The task -
What you give back from the listing below should be an exact copy of the lines from the one with "Hey guys, this" down to the one with "I'm going to put", and it should contain no pictures.

Data supplied -
────────────────

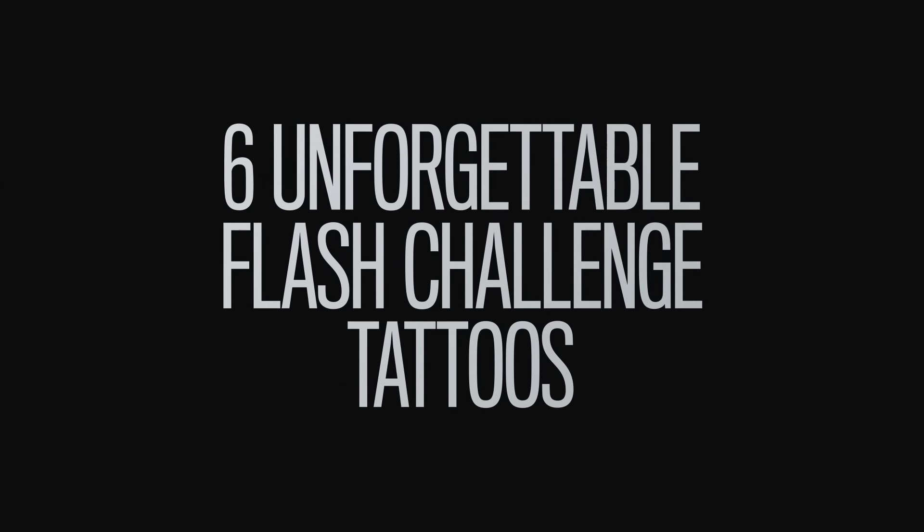Today, you will battle it out on skin in a flash tattoo face-off. Flash tattoos are pre-made art hung on the walls of tattoo shops. It's flash, it's made to be quick — that's why it's called flash, it's done in a flash. You will be divided into two rounds of six and have 90 minutes to tattoo a flash design drawn by Oliver and Chris.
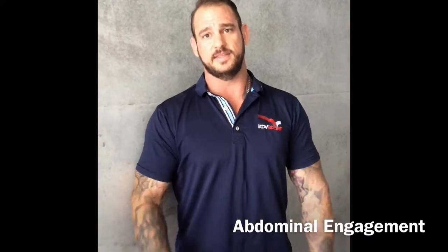Hey guys, Ryan Gambon from the KDV Sport Fitness Centre. Today I'm going to talk about abdominal engagement in the gym.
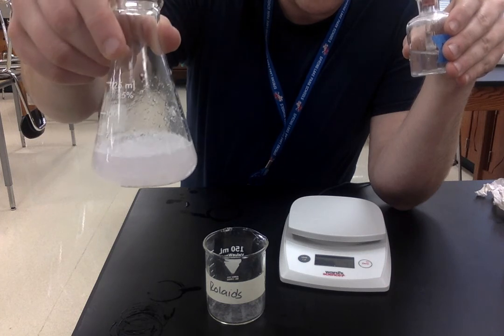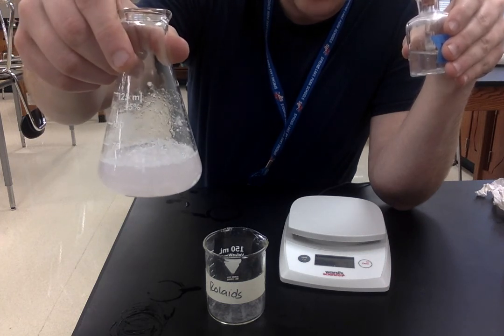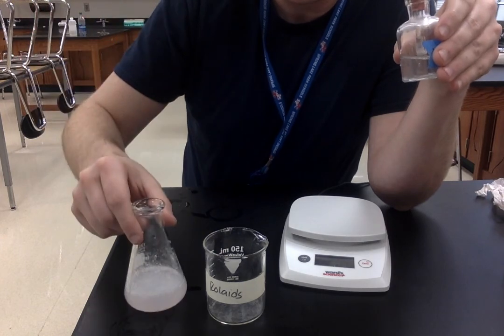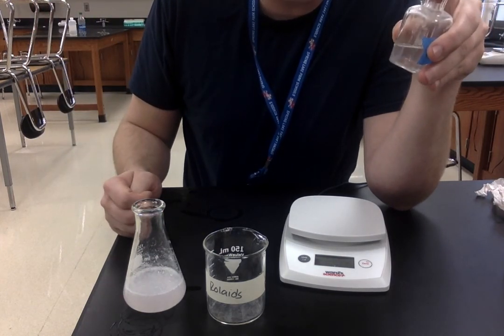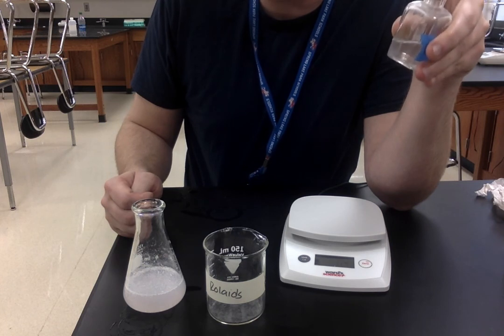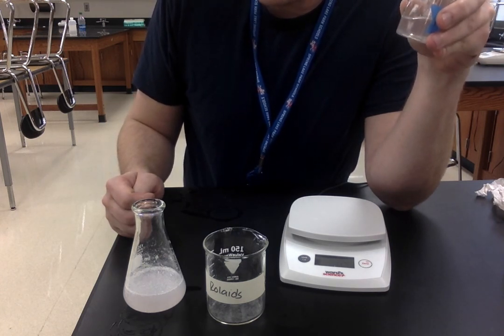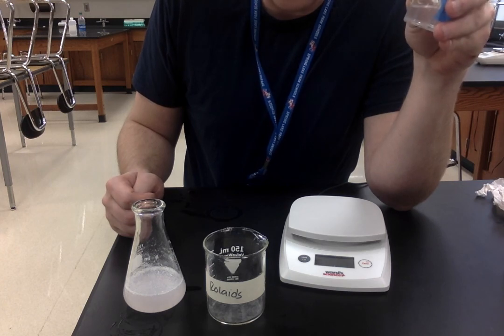It might be a little bit tough to see, but now the solution is a tiny bit pink, so go ahead and record the number of drops. Then take the number of drops divided by the mass in grams — that would be your drops per gram. Then go ahead and try to answer the conclusion questions.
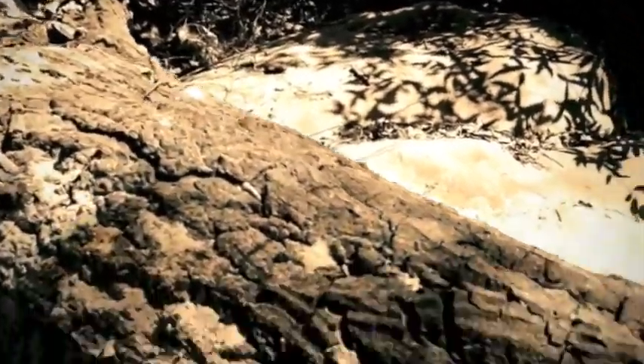The zoom is not that great with this filter on. Hi there, Mr. Lizard. Oh, he's gone. Now we're in sepia mode.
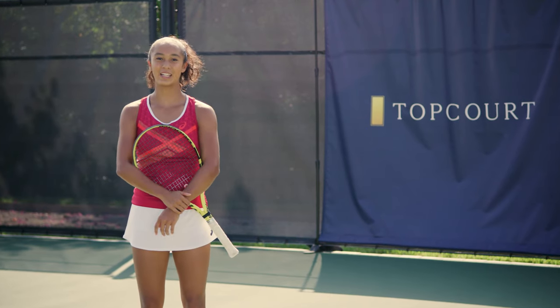Hi, everyone. My name is Leila Ani Fernandez, and I'm going to teach you how to hit a lefty forehand.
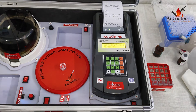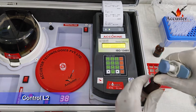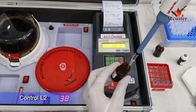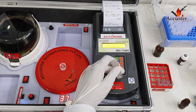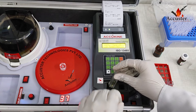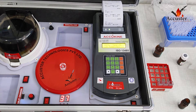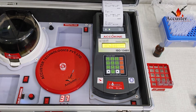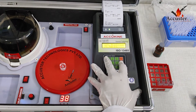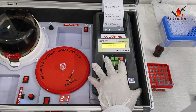Repeat the same process with L2. Take 500 microliters of reagent and mix it with 50 microliters of L2, then put the cuvette in the analyzer and press ENTER. The reading will appear after 4 minutes. Now we can see the reading. Then press the READ button to print the result.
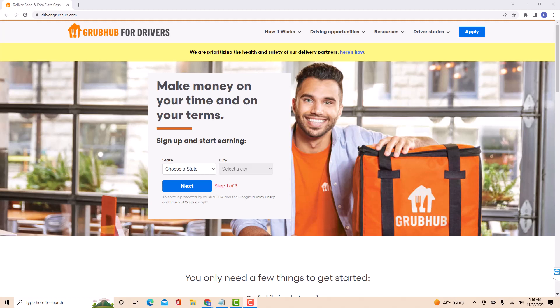Hey guys, this is Northville Tech. In this video, we're going to learn how to sign up on Grubhub Driver.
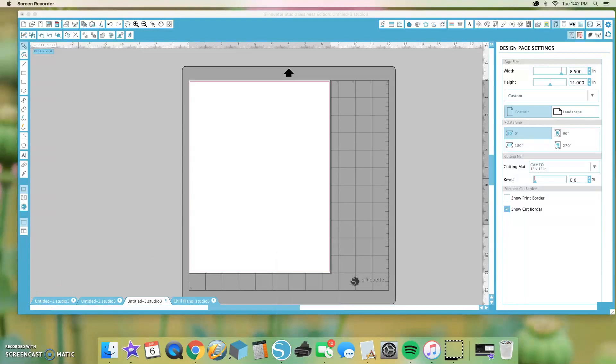Hello everybody! Today I'm going to show you how to perfect print and cut in Silhouette Studio. Print and cut has probably been the hardest thing for me to master, and I have finally learned all the tips and tricks. Today I'm going to show you how to foolproof get a perfect print and cut every single time.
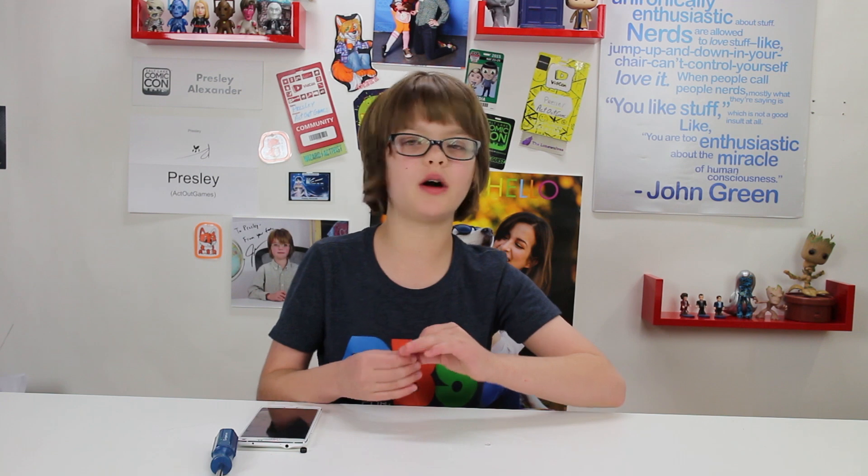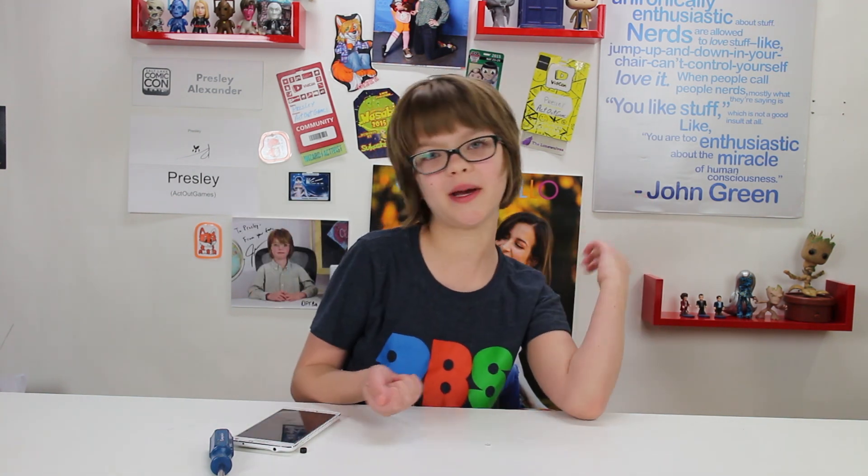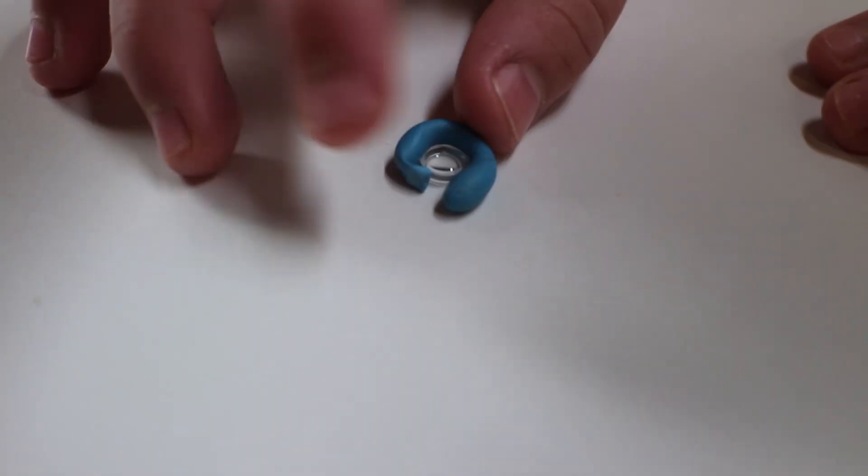I'm going to put it down. And then what you're going to need is a little bit of mounting putty, also known as poster putty. You're just going to roll it out into the little Play-Doh snake that we all have made at one point in our lives. And we're just going to wrap it around the lens.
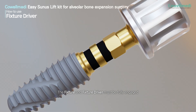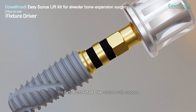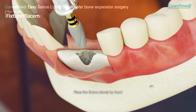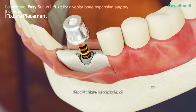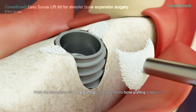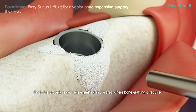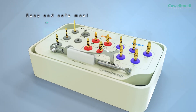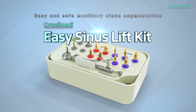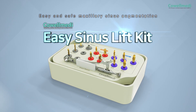Place the implant according to the manufacturer's manual — the fixture and fixture driver must be fully engaged. Slowly insert the fixture by hand, then finish the procedure by placing bone graft in any area where bone grafting is required. Easy and safe maxillary sinus lift with Coel Medi's EZ Sinus Lift Kit.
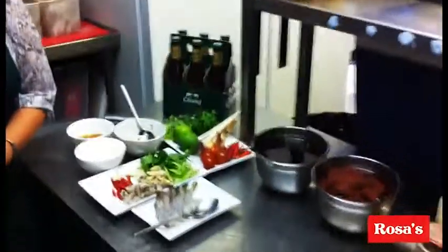Hello, welcome to the Roses cooking class, episode 3. Today I'm going to show how to make Tom Yum Kung, a very famous dish in Thailand.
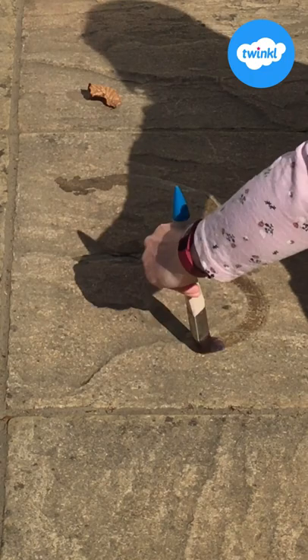Can you paint a number? Can you paint a letter? Can you paint a shape? Can you make your shape bigger? Have fun and we'll see you soon.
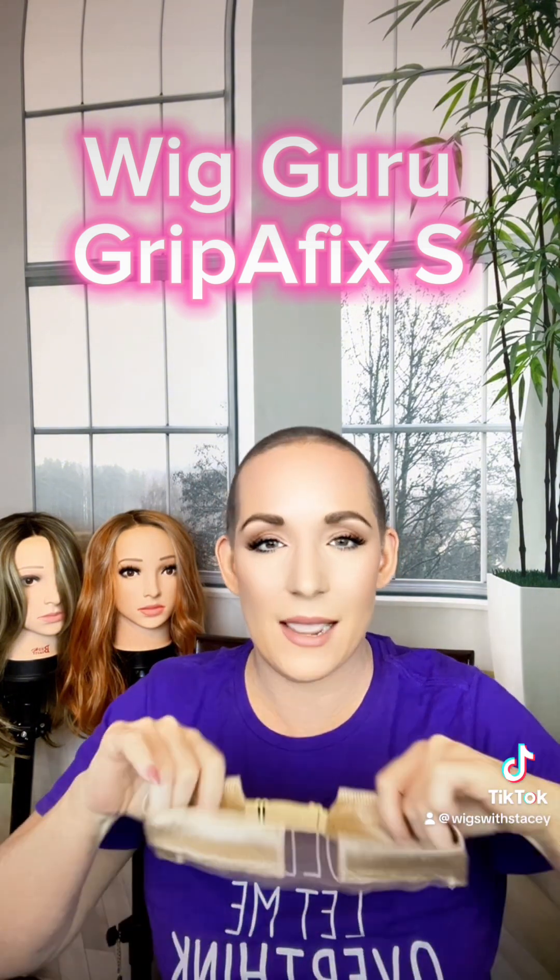We've got our Wig Grip Affix S by The Wig Guru — I will link in the description box where you can purchase this. We're going to put our wig right on, and I can already tell it's not going anywhere. Even moving the wig around to where I want it is actually hard. Even my little lace stuck there, which I've been having problems with on some of my wigs — but that's going to fix that too.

────────────────

Task solution -
Hey guys, this is Northville Tech. In this video, we're going to learn how to sign up on Grubhub Driver.
Hello everybody! Today I'm going to show you how to perfect print and cut in Silhouette Studio. Print and cut has probably been the hardest thing for me to master, and I have finally learned all the tips and tricks. Today I'm going to show you how to foolproof get a perfect print and cut every single time.
I'm going to put it down. And then what you're going to need is a little bit of mounting putty, also known as poster putty. You're just going to roll it out into the little Play-Doh snake that we all have made at one point in our lives. And we're just going to wrap it around the lens.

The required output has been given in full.